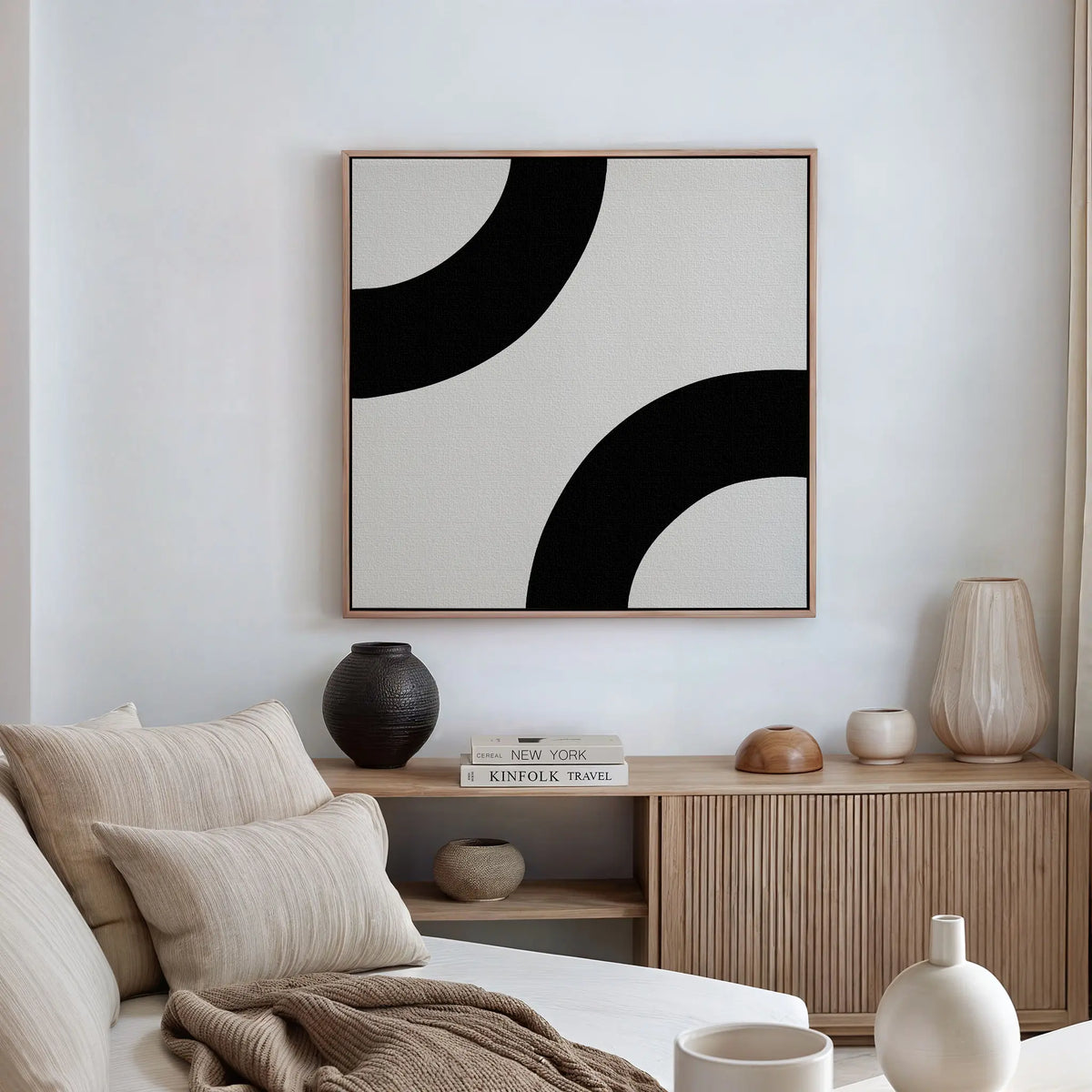 A minimalist living room with a beige sofa, striped cushions, a wooden sideboard topped with books and decorative vases, and the Bold Orbit Canvas Art framed on the wall enhances the modern interior.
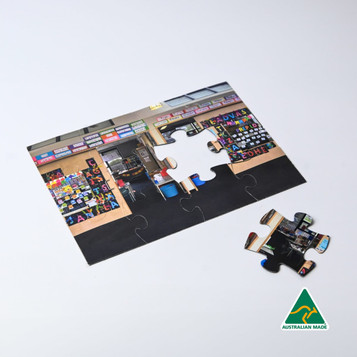 A5 Magnetic Jigsaw featuring a vibrant image of a shop with various products displayed. Includes a loose puzzle piece. A5 Magnetic Jigsaw featuring a vibrant image of a shop with various products displayed. Includes a loose puzzle piece.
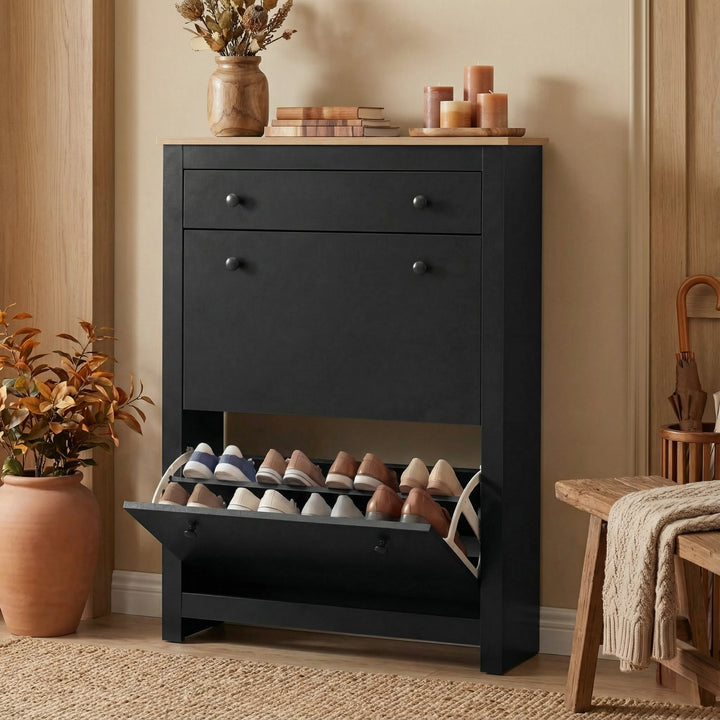 [Black] Hallway shoe storage unit with bottom flip-down door open showing pale shoes on angled rack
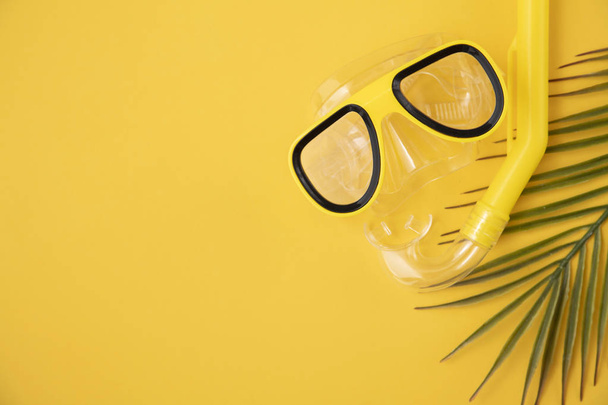 A yellow snorkel and diving mask on a yellow background. overhead lay flat - Foto, imagen
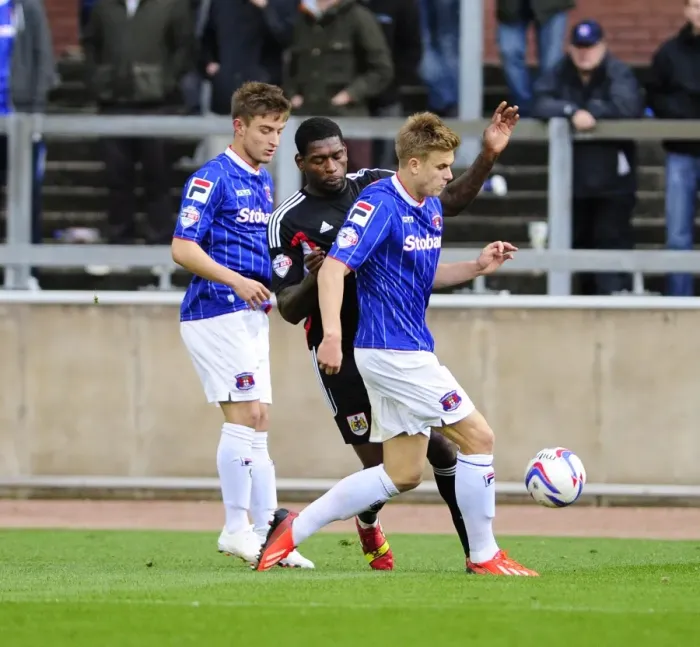 Framed Print : Jay Emmanuel-Thomas vs Brad Potts: Intense Moment in Carlisle United vs Bristol City Football Match, October 2013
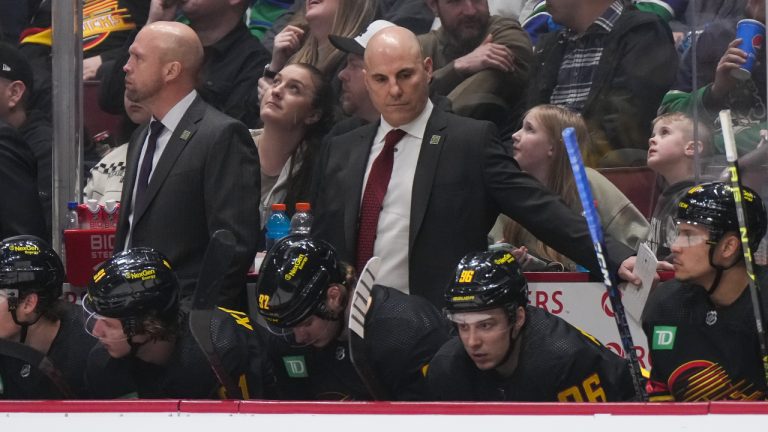 Vancouver Canucks head coach Rick Tocchet, back centre, stands behind the bench during the third period of an NHL hockey game against the Vegas Golden Knights in Vancouver, on Tuesday, March 21, 2023. (Darryl Dyck/CP)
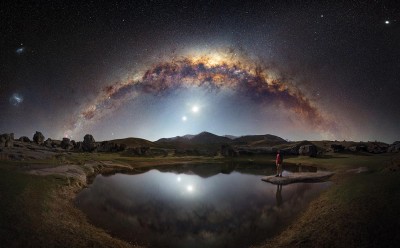 Astrophotography photograph taken by Thomas Rae that shows the night sky, stars, lake and wider landscape.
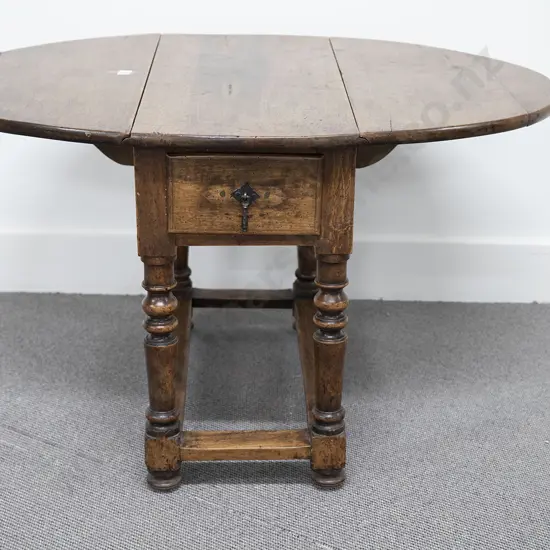 Small Early C18th French Provincial Walnut Oval Drop Leaf Table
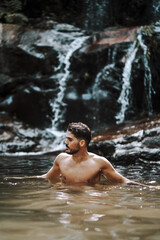 Sticker - Young Caucasian male having a fun time at a beautiful waterfall near rocks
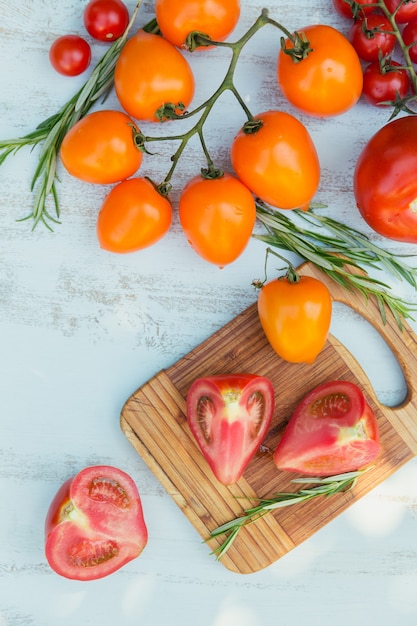 Varios coloridos tomates y hierba de romero sobre una superficie azul claro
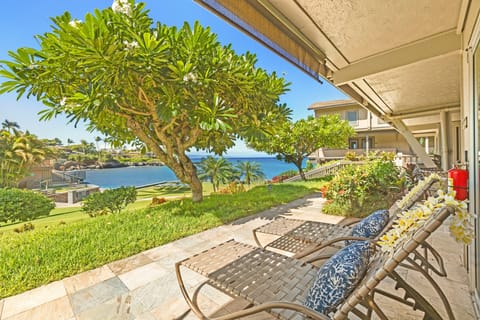 Relax on a private lanai with comfortable seating and lush greenery, overlooking breathtaking ocean views.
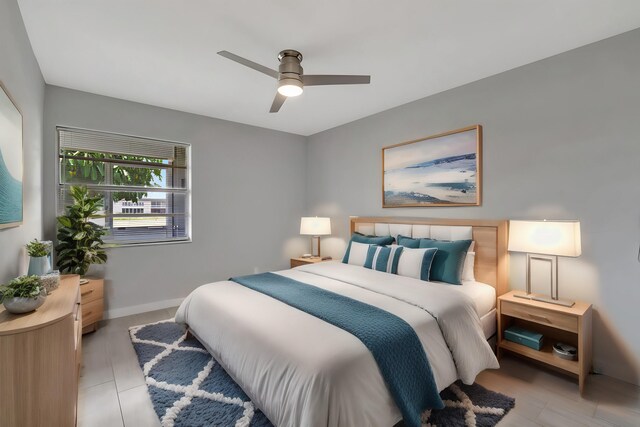 164 Normandy D, Delray Beach, FL 33484 - bedroom with a ceiling fan and baseboards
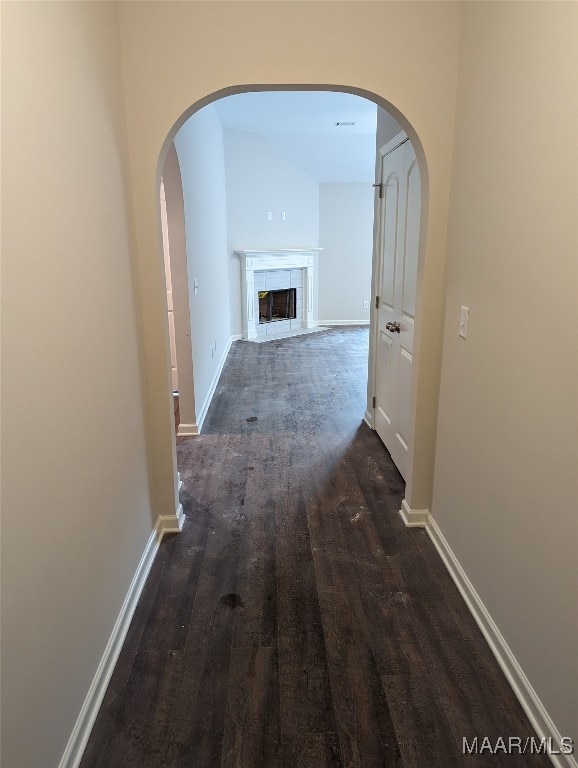 hallway featuring dark wood-type flooring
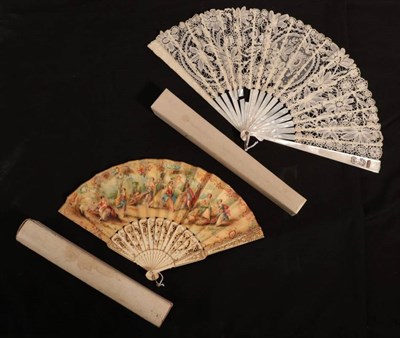 Lot 2162 - An Early 20th Century Brussels Mixed Lace Fan, the leaf mounted on white mother of pearl, the upper
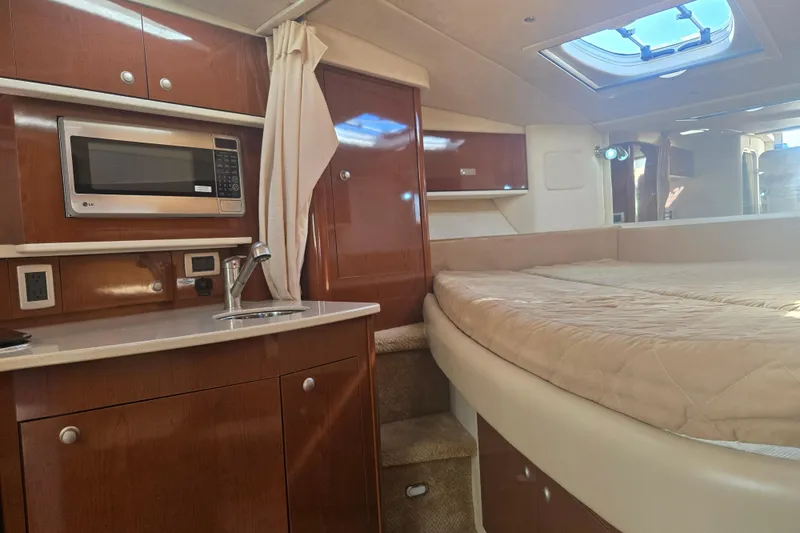Slide: The Image of 2010 Sea Ray 330 Sundancer cabin interior with kitchenette and bed, featuring wood cabinetry. - 45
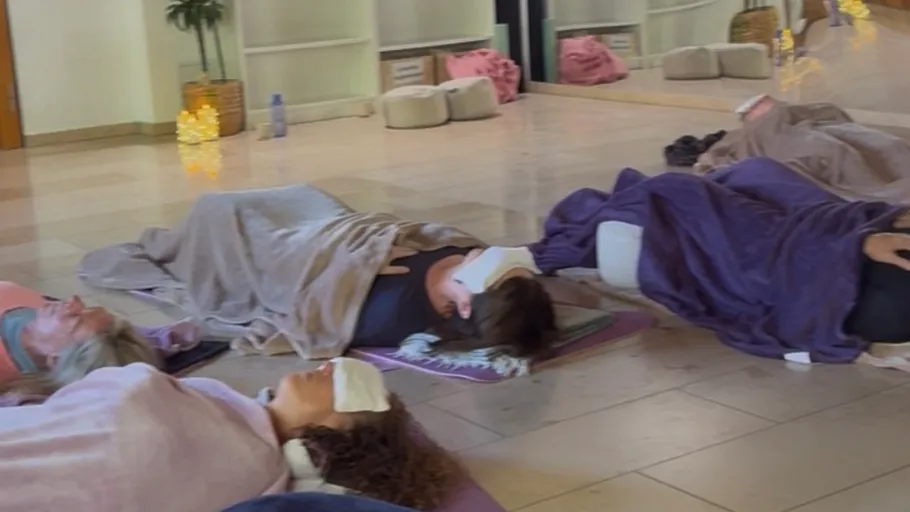 People relaxing on mats with eye masks indoors.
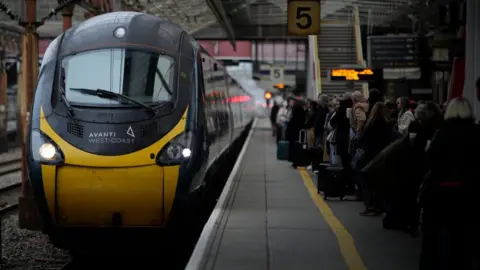 Getty Images Avanti West Coast train with passengers waiting on a platform number 5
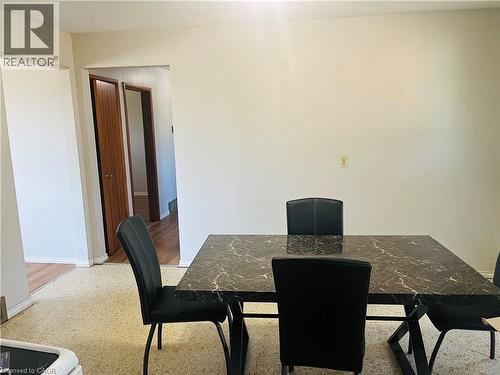Dining area featuring light-toned flooring, a light-colored wall, and a wide doorway - 157 Schweitzer Street, Kitchener, ON - Indoor Photo Showing Dining Room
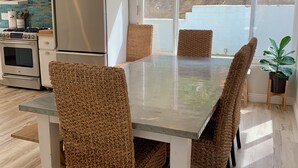 Une cuisine moderne avec un coin repas, comprenant une grande table, des chaises en osier et un luminaire suspendu.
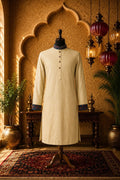 Cream contrast kurta with button placket and blue trim on cuffs and hem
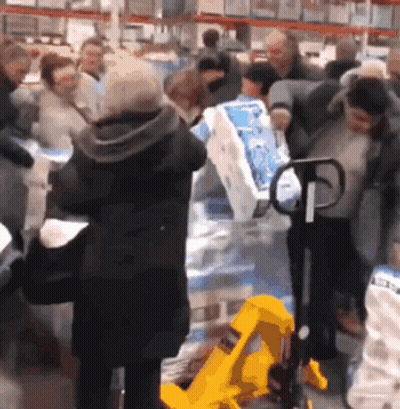People Standing Around Yellow Pallet Truck GIF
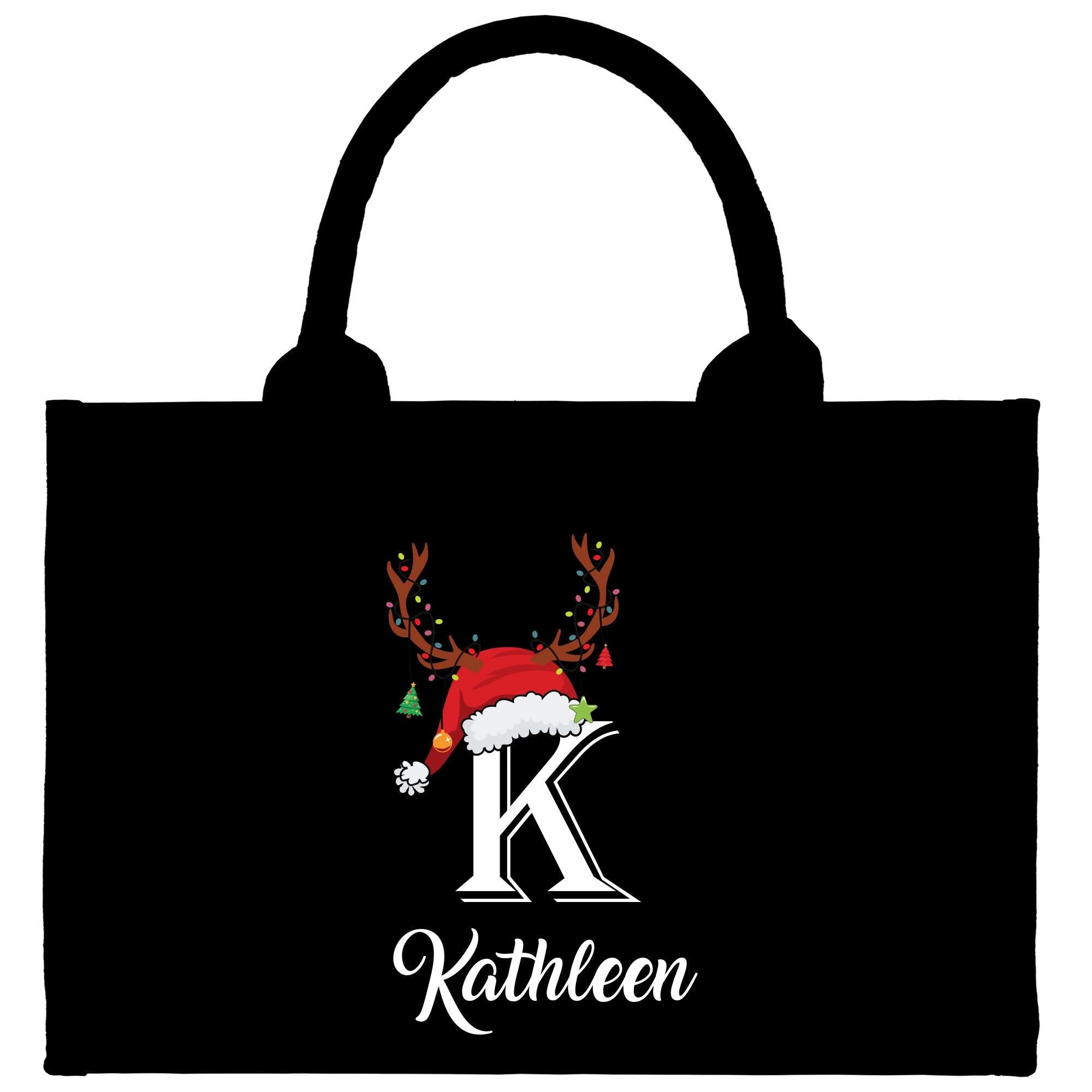 a black bag with reindeer antlers and a k on it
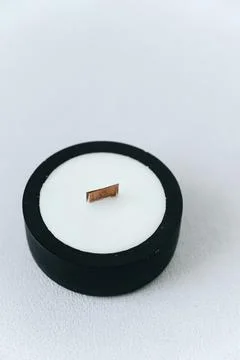 Soy Candle in Black Flat Plaster Candlestick. Wooden Wick. Concept of Warmth  Stock Photos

YOUR ASSIGNMENT:
Starting where a line contains "Varios coloridos tomates" and finishing at the last line above, set down every line exactly as it reads, with no pictures.

ANSWER:
 Varios coloridos tomates y hierba de romero sobre una superficie azul claro
 Relax on a private lanai with comfortable seating and lush greenery, overlooking breathtaking ocean views.
 164 Normandy D, Delray Beach, FL 33484 - bedroom with a ceiling fan and baseboards
 hallway featuring dark wood-type flooring
 Lot 2162 - An Early 20th Century Brussels Mixed Lace Fan, the leaf mounted on white mother of pearl, the upper
Slide: The Image of 2010 Sea Ray 330 Sundancer cabin interior with kitchenette and bed, featuring wood cabinetry. - 45
 People relaxing on mats with eye masks indoors.
 Getty Images Avanti West Coast train with passengers waiting on a platform number 5
Dining area featuring light-toned flooring, a light-colored wall, and a wide doorway - 157 Schweitzer Street, Kitchener, ON - Indoor Photo Showing Dining Room
 Une cuisine moderne avec un coin repas, comprenant une grande table, des chaises en osier et un luminaire suspendu.
 Cream contrast kurta with button placket and blue trim on cuffs and hem
People Standing Around Yellow Pallet Truck GIF
 a black bag with reindeer antlers and a k on it
 Soy Candle in Black Flat Plaster Candlestick. Wooden Wick. Concept of Warmth  Stock Photos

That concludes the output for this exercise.